A Arm foi o maior IPO de 2023 e um dos maiores desde 2021. Isso não é pouca coisa, principalmente se levarmos em conta que este estava sendo o pior ano para IPOs desde 2009. Mesmo que o preço fixado de suas ações tenha sido um pouco mais baixo do que o esperado, elas abriram as negociações a US$ 56,10, um aumento de 10% em relação ao preço do IPO. Logo em seguida, dispararam ainda mais, subindo mais 25% e fechando o primeiro dia a US$ 63,59. Depois disso caíram consideravelmente e agora parecem estar se estabilizando num valor próximo ao do IPO. Ainda assim, a performance inicial foi suficiente para destravar alguns IPOs, tanto de Tech quanto de outros setores, que estavam congelados esperando um cenário melhor. Um desses foi a Birkenstock, fabricante de sapatos, que fez sua oferta pública no último dia 11 de outubro.

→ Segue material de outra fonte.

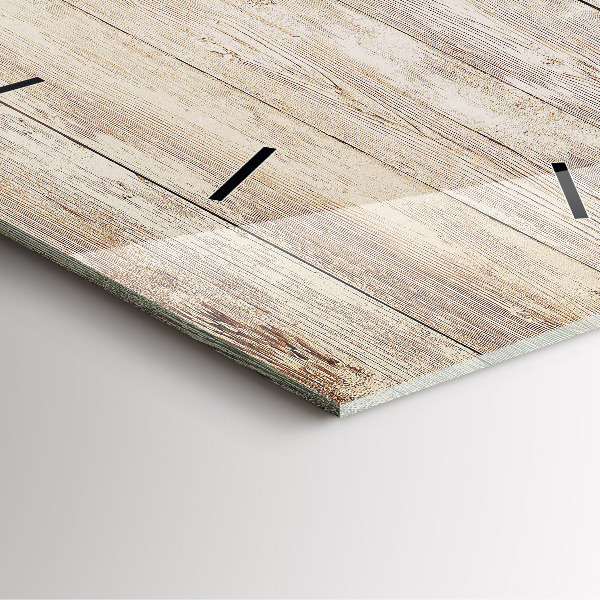 Ceas pătrat de perete din sticlă Panouri din lemn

Um dos fatores que ajudou no sucesso do IPO da Arm (e dos outros casos que iremos analisar adiante) foi o uso de investidores âncora. No caso da Arm, seus clientes mais importantes, incluindo Apple, Google, Nvidia, Samsung, AMD, Intel e Taiwan Semiconductor Manufacturing Company se comprometeram a comprar ações como parte da oferta.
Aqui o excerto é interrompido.